Supplied entries:
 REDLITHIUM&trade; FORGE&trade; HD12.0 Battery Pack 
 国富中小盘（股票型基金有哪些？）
* * *
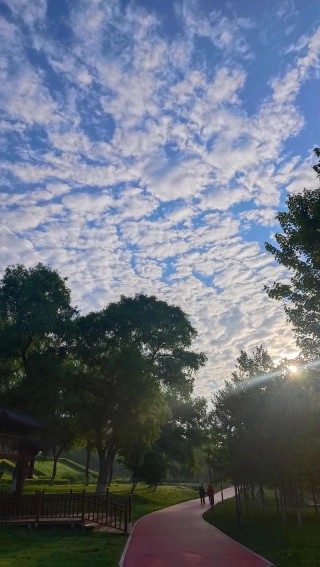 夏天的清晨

Work request:
Start with the line above that contains "REDLITHIUM&trade; FORGE&trade; HD12.0" and stop after the line that contains "国富中小盘（股票型基金有哪些？）". Output those lines exactly, and only those.

Response box:
 REDLITHIUM&trade; FORGE&trade; HD12.0 Battery Pack 
 国富中小盘（股票型基金有哪些？）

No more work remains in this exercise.